YILMAZ: HİZMET GÖNÜLLÜLERİ, ‘NEREDE OLURSAN OL VE KİM OLURSAN OL
BİZ SANA GELİRİZ’ DİYORLAR
Panele katılan Fatih Üniversitesi öğretim üyesi Doç. Dr. İhsan
Yılmaz ise Hizmet Hareketi’nin dinlere karşı gösterilen
hoşgörüsüzlüğe verdiği mücadeleden bahsetti. Fethullah Gülen
Hocaefendi’nin reformist bir din adamı olmadığını vurgulayan
Yılmaz, Gülen'in Sünni İslam anlayışı dairesinde hareket ettiğini,
yeni dini kriterler üretmeye çalışmadığını fakat muhafazakar İslam
çerçevesindeki kriterleri dinin asli kaidelerine bağlı olarak
yaşadığımız zamana göre ve zamanın zorluklarına karşı yorumlamaya
çalıştığını vurguladı.
Dünyanın dört bir tarafında sempatizanlarının olmasının, Gülen’in
benzersiz bir özelliğini oluşturduğunu anlatan Yılmaz, "160’tan
fazla ülkede onun entelektüel fikirlerini hayata geçiren
sempatizanları var; Gülen, fikir ve felsefi anlamda bu hareketin
lideri.

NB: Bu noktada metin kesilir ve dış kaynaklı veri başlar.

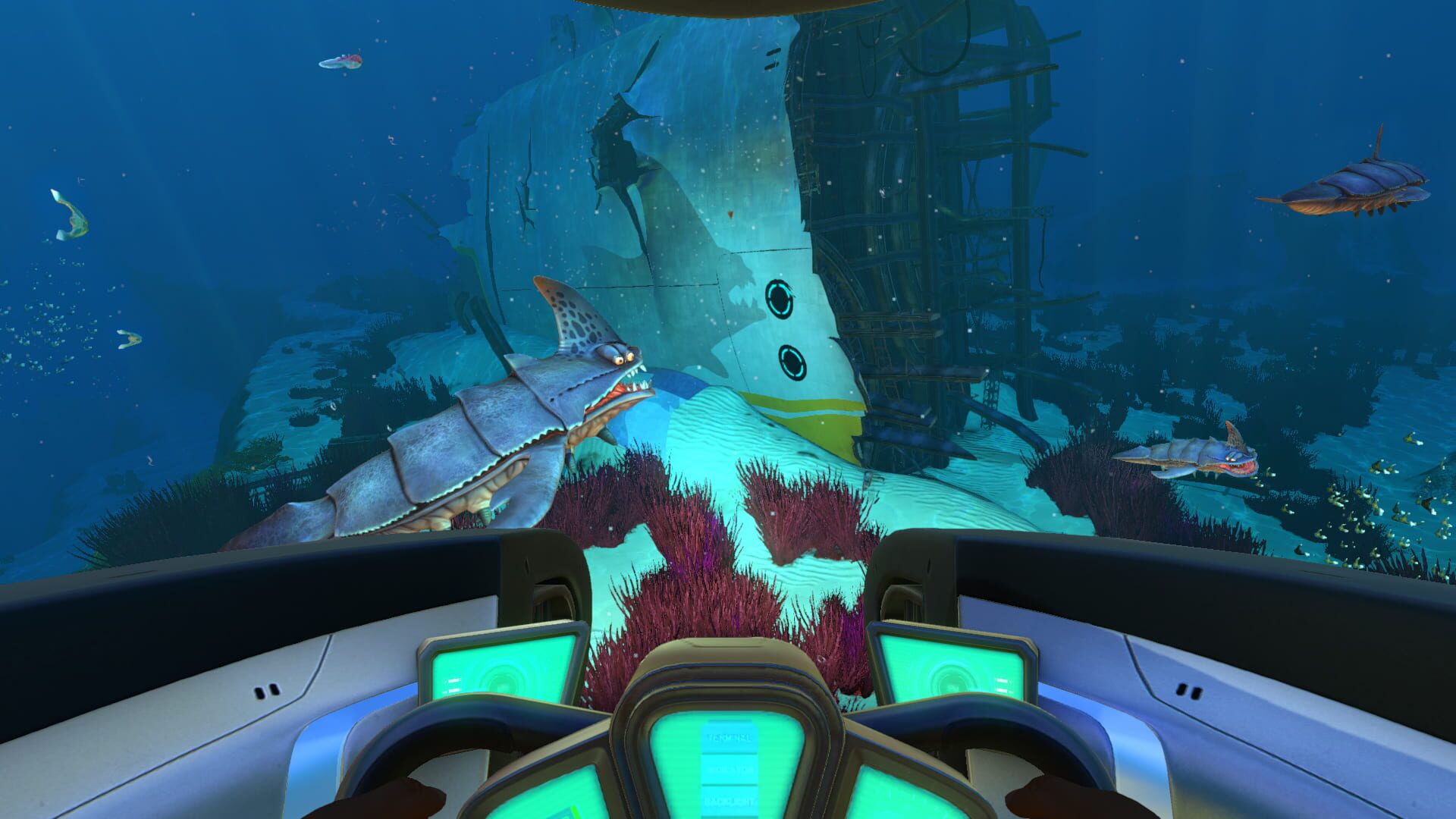 Subnautica screenshot 9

Gülen’in sempatizanları barışçıl birlikte yaşamı, kültürler
ve dinler arası diyaloğu, İslam’ın demokrasiyle, Anglosakson
sekülarizmle ve bilimle bağdaşmasını göz önünde bulundurarak onun
fikirlerini uyguluyor." dedi. Yılmaz, "Gülen Hareketindeki
insanların çoğu dindar Müslümanlardır. Fakat hareketin heterojen
bir yapısı var. Okullarda İslami okullar, değil seküler okullardır.
Fakat bütün okullarda eğitim evrensel değerler var." dedi.

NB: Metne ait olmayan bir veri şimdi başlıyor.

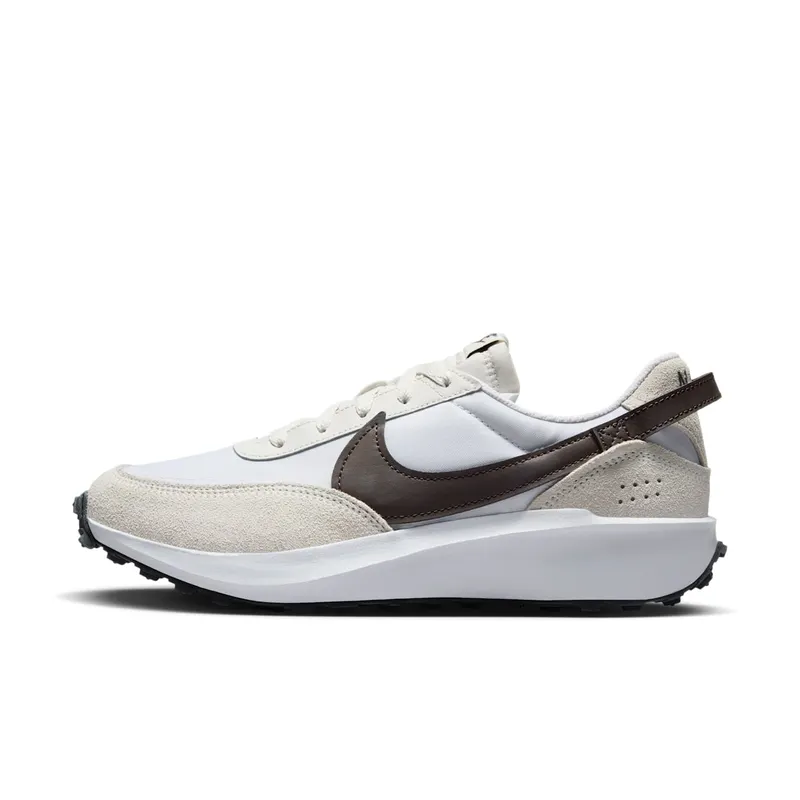 Nike Waffle Debut White Baroque Brown “White / Phantom / Baroque Brown” | DH9523-107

Hizmet hareketinin kültürler arası diyaloğu sadece söylemde
kullanmadığını anlatan Yılmaz bu konuyu şöyle ifade etti: "Onu
yaşayarak uyguluyor. Okulların vesilesiyle tabanda uyguluyor. Gülen
buna 'temsil' diyor ve tebliğden önde geldiğini ifade ediyor. Güzel
değerlerin anlatılmasındansa yaşanmasını tavsiye ediyor. Onun
sempatizanları ve okullarda çalışan öğretmenler de rol model olmaya
çalışıyorlar. Hoşgörü kelimesi empatik kabullenmeyi içeriyor.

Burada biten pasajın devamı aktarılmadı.